Truist Long Game combines multiple forms of gamification that are distinct yet tie into the overall experience. The name of the mobile app is an acknowledgement that the habit of saving toward goals is a “long game,” not something that’s going to happen overnight.
The main game board calls to mind a treasure hunt, with a map of the entire journey towards the savings goal that the user has selected to work towards. Users save towards their goals with real money that they deposit in a Truist account. When they hit the goal, the game suggests they set a new one.
Truist Long Game has various mini-games that serve as standalone sweepstakes. Each mini-game costs a number of “coins,” the in-app currency, to play.
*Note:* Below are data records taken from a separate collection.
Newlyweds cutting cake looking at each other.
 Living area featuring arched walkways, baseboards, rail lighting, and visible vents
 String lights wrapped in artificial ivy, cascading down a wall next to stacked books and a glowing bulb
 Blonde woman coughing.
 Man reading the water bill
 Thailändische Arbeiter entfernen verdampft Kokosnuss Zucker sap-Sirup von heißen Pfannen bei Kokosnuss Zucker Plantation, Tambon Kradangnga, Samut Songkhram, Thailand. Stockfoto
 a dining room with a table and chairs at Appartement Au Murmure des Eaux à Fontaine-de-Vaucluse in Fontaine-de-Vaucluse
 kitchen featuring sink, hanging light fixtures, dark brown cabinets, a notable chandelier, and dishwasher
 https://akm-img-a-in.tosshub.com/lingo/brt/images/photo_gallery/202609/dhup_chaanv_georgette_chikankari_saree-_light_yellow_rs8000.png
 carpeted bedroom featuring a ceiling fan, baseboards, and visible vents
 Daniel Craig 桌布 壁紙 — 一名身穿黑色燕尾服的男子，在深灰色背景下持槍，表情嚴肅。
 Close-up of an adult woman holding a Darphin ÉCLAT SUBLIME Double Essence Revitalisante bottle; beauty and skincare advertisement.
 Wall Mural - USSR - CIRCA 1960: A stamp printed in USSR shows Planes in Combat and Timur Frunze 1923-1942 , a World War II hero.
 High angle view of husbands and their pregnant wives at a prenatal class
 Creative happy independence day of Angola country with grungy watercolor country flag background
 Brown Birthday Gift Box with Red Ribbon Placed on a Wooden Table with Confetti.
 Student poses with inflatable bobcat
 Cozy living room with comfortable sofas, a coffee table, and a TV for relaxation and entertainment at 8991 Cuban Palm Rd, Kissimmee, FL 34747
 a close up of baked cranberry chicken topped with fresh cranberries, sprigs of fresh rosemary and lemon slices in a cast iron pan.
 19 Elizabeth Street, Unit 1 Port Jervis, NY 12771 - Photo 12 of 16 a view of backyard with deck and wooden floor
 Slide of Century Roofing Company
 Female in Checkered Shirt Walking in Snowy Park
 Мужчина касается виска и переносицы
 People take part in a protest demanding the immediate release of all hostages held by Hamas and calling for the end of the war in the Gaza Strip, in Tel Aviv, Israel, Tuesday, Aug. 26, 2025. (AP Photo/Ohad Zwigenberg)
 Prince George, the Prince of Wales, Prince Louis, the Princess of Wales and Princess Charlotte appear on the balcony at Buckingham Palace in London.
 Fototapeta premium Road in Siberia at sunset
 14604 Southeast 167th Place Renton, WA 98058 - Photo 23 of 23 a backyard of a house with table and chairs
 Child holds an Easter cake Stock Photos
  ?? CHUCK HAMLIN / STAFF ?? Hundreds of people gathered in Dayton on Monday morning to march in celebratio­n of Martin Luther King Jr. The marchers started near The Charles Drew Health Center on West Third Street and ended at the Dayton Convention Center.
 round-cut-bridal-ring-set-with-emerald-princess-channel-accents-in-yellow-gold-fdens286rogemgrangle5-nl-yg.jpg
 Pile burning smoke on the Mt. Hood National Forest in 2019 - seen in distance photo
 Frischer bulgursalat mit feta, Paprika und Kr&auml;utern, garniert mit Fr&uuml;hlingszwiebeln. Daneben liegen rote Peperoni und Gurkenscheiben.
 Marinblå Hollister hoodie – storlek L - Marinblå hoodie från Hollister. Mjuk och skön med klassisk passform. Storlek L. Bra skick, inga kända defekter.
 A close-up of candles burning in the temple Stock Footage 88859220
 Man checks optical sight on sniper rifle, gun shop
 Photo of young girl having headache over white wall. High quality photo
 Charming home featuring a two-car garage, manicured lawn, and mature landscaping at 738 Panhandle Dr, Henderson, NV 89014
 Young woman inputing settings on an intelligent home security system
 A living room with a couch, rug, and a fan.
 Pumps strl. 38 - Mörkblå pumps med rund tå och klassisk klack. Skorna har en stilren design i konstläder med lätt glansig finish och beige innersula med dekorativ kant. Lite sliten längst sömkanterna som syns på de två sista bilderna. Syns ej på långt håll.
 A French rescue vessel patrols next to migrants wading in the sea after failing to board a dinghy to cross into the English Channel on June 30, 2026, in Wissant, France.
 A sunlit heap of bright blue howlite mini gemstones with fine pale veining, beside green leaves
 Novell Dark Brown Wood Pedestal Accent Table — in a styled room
Users can earn coins to play games by performing various actions including, depositing money into their linked Truist deposit account to make progress towards their savings goal, setting up direct deposit, answering financial wellness trivia questions within the app, and more. Depending on the mini-game, users have a chance to win more coins or real cash. To celebrate success, when coins are earned or won, an animated stream of them shoots up to a running tally at the top of the phone screen. Among the growing variety of games are variations on popular ones like Candy Crush and even one reminiscent of the classic Brick Breaker.
Here and there financial tips pop up in easily digestible bites.
The app rations certain activities. For example, quizzes are limited to two rounds per day.
At the end of a session, the main game board appears so users can see what progress they are making towards their own financial goals.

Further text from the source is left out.